2. The driving circuit of the liquid crystal display as claimed in
claim 1, wherein the data and control signal bus includes a first
wiring transmitting a device ID and data, a second wiring
transmitting data and existence of an STH signal, and a third
wiring transmitting data, in order to transmit the data packet.
3. The driving circuit of the liquid crystal display as claimed in
claim 1, wherein the data and control signal bus includes a first
wiring transmitting a device ID and a control signal, and a second
wiring transmitting the control signal, in order to transmit the
control packet.
4. The driving circuit of the liquid crystal display as claimed in
claim 1, wherein the data and control signal bus includes a first
wiring transmitting a device ID and a register setting value, and a
second wiring transmitting the register setting value, in order to
transmit an initial setting value of the driver IC.
5. The driving circuit of the liquid crystal display as claimed in
claim 1, wherein the driver IC includes a receiver converting a
signal inputted thereto from the timing controller to a signal used
in the driver IC, a data processor processing a signal inputted
thereto from the receiver into data to be displayed in the liquid
crystal panel, an ID comparator comparing a device ID included in
an inputted packet with an ID, which is given when initially
setting the driver IC, a control signal generator creating a
predetermined control signal when an STH or the control packet
requests the control signal, and a control register storing an
initial setting value of the driver IC.
6. The driving circuit of the liquid crystal display as claimed in
claims 1 or 5, wherein each driver IC includes a transmitter
transmitting all signals including the device IC, the STH and data
from the data processor to a next driver IC, if the device ID
included in the inputted packet is different from the ID, which is
given when initially setting the driver IC.
Description
BACKGROUND OF THE INVENTION
[0001] 1. Field of the Invention
[0002] The present invention relates to a liquid crystal display
device, and more particularly to a driving circuit of a liquid
crystal display device allowing for a reducing the number of
wirings, and improving usage efficiency of a bus by transmitting
various data and control signals from a timing controller to each
driver IC using a protocol.
[0003] 2. Description of the Prior Art
[0004] In general, although a CRT (cathode ray tube), which is a
kind of display device, is mainly used in monitors of televisions,
various measurement apparatuses, and information terminals, a CRT
has a heavy weight and a big size, so the CRT is not adaptable for
electronic appliances having a small size and a light weight.
[0005] Accordingly, liquid crystal display devices having a slimmer
and compact size with a light weight have been actively developed
in order to substitute for CRTs. Recently, such liquid crystal
display devices have been developed to serve as flat panel type
display devices, and demand for such liquid crystal display devices
has been significantly increased.
[0006] Such a liquid crystal display is a sort of flat panel type
display device including two glass substrates and a liquid crystal
layer filled between the two glass substrates.
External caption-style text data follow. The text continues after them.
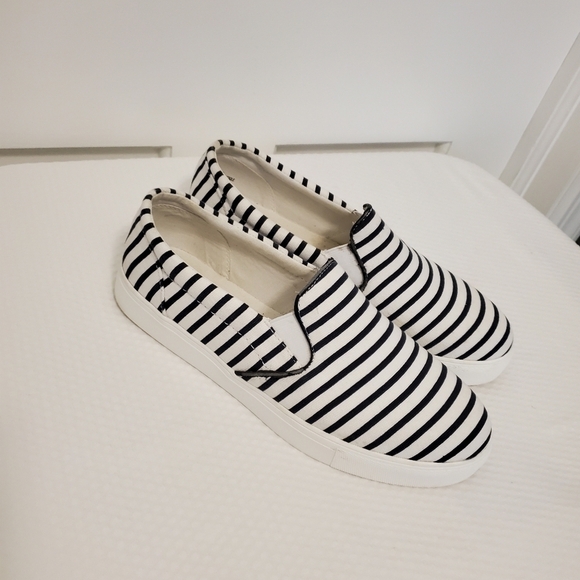 MIA Black & White Striped Loafers Size 10, casual, beachwear, preppy - Picture 2 of 12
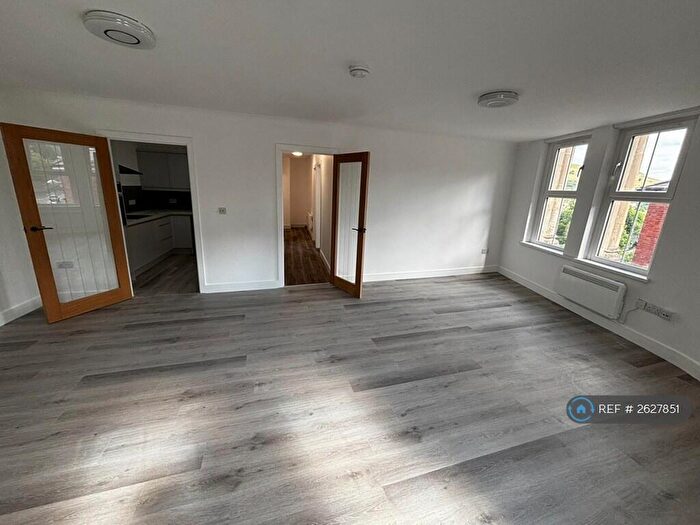 2 Bedroom Flat To Rent In Bethcar Street, Ebbw Vale, NP23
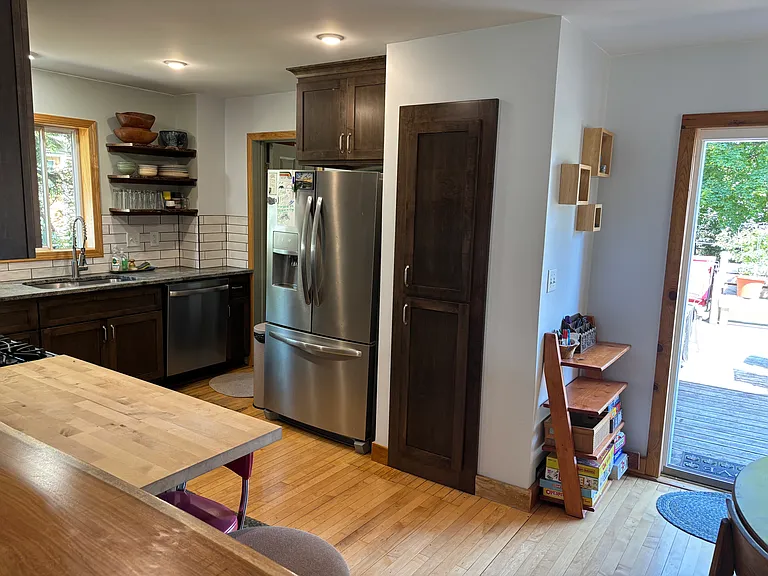 308 Waldo St — Photo 10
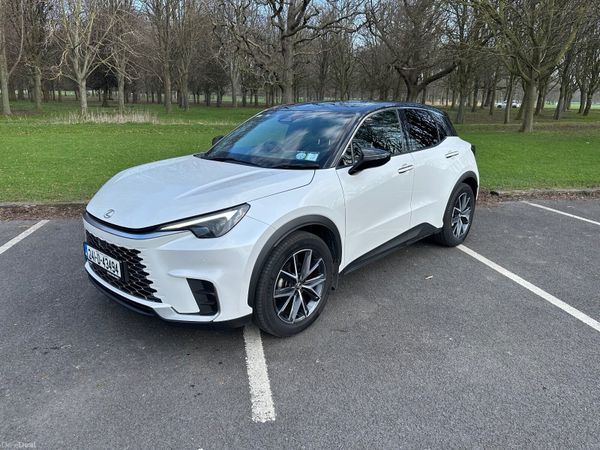 Lexus Other Estate/Jeep, Petrol Hybrid, 2024, White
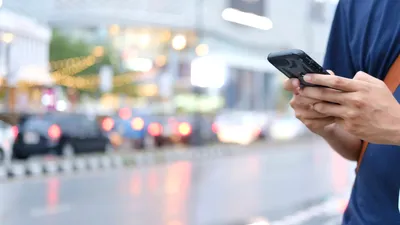 EXCLUSIV. Primul serviciu de comenzi taxi prin AI testat în România. Dan Boabeș: „Provocarea reală e contextul. Oamenii nu spun unde sunt, ci ce văd”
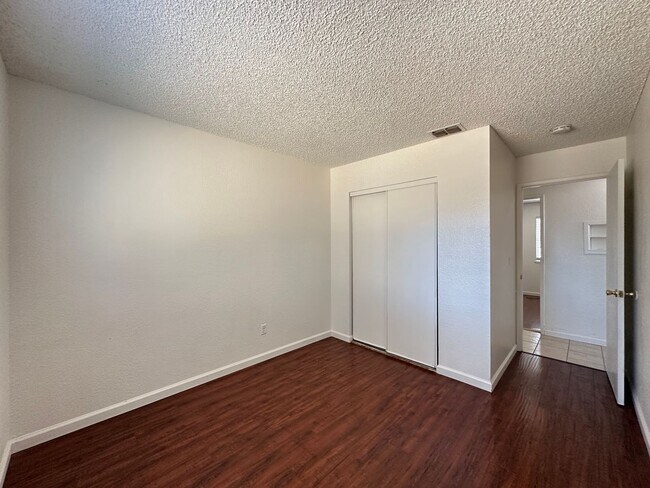 Building Photo - Four Bedroom Home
Herein, gate lines
and data lines defining pixel regions are formed on a lower
substrate of the liquid crystal display panel such that gate lines
and data lines are aligned perpendicularly to each other. Also, a
pixel electrode and a thin film transistor switched by a driving
signal of the gate line in order to apply a signal of the data line
to the pixel electrode, are aligned in each pixel region. In
addition, a black matrix is aligned on an upper glass substrate of
the liquid crystal display panel so as to prevent light from
radiating into regions in which pixel electrodes are not formed.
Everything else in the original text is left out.